The husband wants to know if I am going to join. I think I want to go to some more classes. I hate to pay and not go. If he goes, I probably will also go. I have to say that it is easier to stop on the way home and go to a class on a late night or a rainy day then it is to go home and walk. Once I'm home I often want to eat dinner and relax.

I think I made my decision. I think I will join.

I have also decided to make a doctor's appointment as I have been steadily gaining weight, in spite of my weight loss efforts and exercise.

Self Control? What is that?

I cannot stop eating candy. It tastes good. Anyway, but I digress.

I had an adventure at the gym. I went for my 'free' week at the Boston Sports Club. Unfortunately, I got there too late for the 'circuit'. One thing I will say is that it is very nice and clean! Everyone was very nice.

Going to the gym was surreal. In my twenties I went to the gym a lot! I loved the classes and the fact that when you are at the gym, it is all about you! It's relaxing and a good time to get your head straight.

I did the elliptical machine for 40 minutes (while watching tv), which is not very mindful, but a good distraction. I have to say that I enjoy watching tv while exercising . I forgot how much I like cardio and how I like to sweat!

Then I did some weights. I'm sore today, but feeling good.

I think I'm going to go again today and try the yoga class or pilates (depending on when I get out of work). I also forgot my sneakers so it's yoga, pilates or go home and walk.

Sunday, May 18, 2008

Turning a corner

Not literally. I haven't really even left the house today. Doing work, reading blogs, doing laundry and exercising.

I feel like I turned a corner because I wanted some good cardio. I wanted to exercise. I did two programs on On Demand, totally about 40-45 minutes. They were both dancing. I got my heart rate up and felt good.

I looked for some good strength training ones, but couldn't find any that I really wanted to do, and so I stretched out and did some abs. Now I'm eating an apple

Saturday and El Sarape

Last night the husband and I went with his parents to our favorite restaurant, El Sarape, in Weymouth Landing (but the restaurant is actually in Braintree). It is not a healthy eating sort of place. It is however, delicious!

I had some margaritas (they make the best!). I also made a relatively healthy choice (well at least a portion controlled one) and got a combination dinner that had two enchiladas. I knew I would eat everything on the plate and didn't want to be stuffed. I wasn't stuffed!

I did not make it to the gym yesterday to start my free membership, instead the husband and I played golf. I am getting a little better! It was way too nice of a day to be inside.

Today I am thinking about doing the free membership for a week thing and seeing how it goes, as they have some good weight training classes and some good machines. I find that doing strength training at home has not been going very well. Although, it's only the beginning!

Saturday, May 17, 2008

Friday Night Food!

I think I did pretty well yesterday. I ate well all day and then met BBM for a quick dinner. Check out her blog for the run through and commentary.

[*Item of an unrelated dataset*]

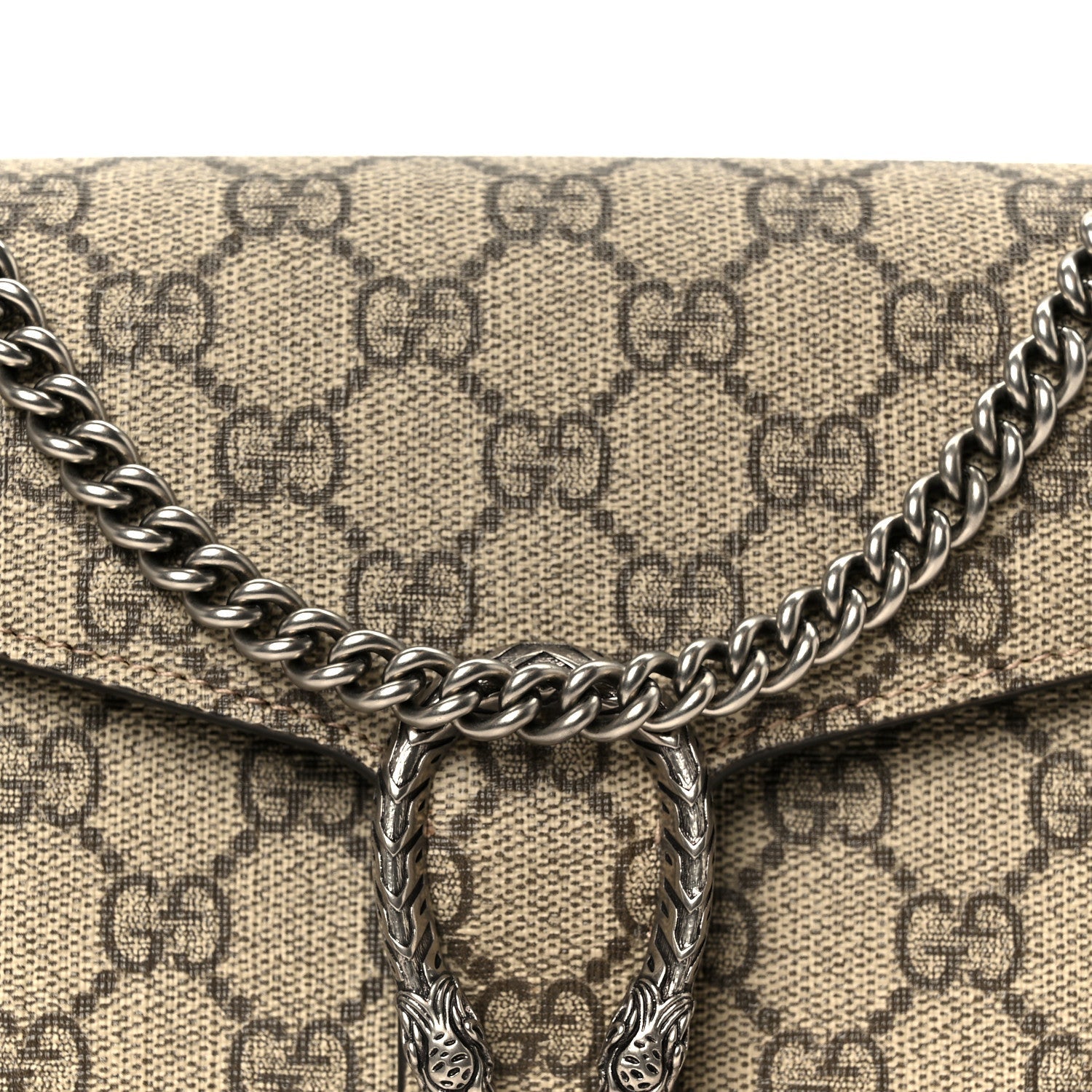 Gucci GG Supreme Monogram Mini Dionysus Chain Wallet Beige Taupe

I went to a party for my mom who is FINALLY after 16 1/2 years of dating, getting married. It is very exciting, not only because I love her future husband but because now I have a better way to explain my 'nephews' if someone looks at me confused - instead of my mom's boyfriend's grandsons. They will be my nephews. Also, it will help with his daughter - we are always getting asked how we know each other, if we are related - and we have a long-winded explanation. I'm all for simplicity!

Anyway, I ate before the party (where there was a lot of fabulous food) and wasn't hungry. I had some water and then when everyone was raving about the 'red velvet cupcakes' (which were cutely arranged on a cup cake tree), I decided to try one. It really wasn't for me so I threw it away (the baker is a good baker, I'm just a simple girl...I think maybe there is coconut in it?).
Then I tried another chocolate cookie - again had a lot of coconut inside. I settled on Fudge. I had a couple of tiny pieces (they were cut up very tiny). They were delicious!

Now I am trying to decide if I should go to the gym now (pre-shower), go to work (pre-shower) and then go to the gym or shower, go to work and then go to the gym and have to take another shower.

The husband joined a gym and I have two free weeks to check it out. In fact it is the same gym that Amy goes to...so I'm excited to try out some classes.

I also have to do:

Food Shopping
Laundry
Clean up
Find shoes for the wedding

So, I'll make a decision pretty quickly.


Oh and I'm so proud of the husband - he is trying to eat healthy! His version of healthy and mine are not the same...but it's a start!

Friday, May 16, 2008

A lost Ipod, new mantra and shin splints

I still have shin splints (sorry Leanna). I went for a walk this morning. The husband sort of pushed me out of bed. Then we were out of milk so I had to run to the supermarket (not literally...I drove). Then I came home, had two eggs and some coffee.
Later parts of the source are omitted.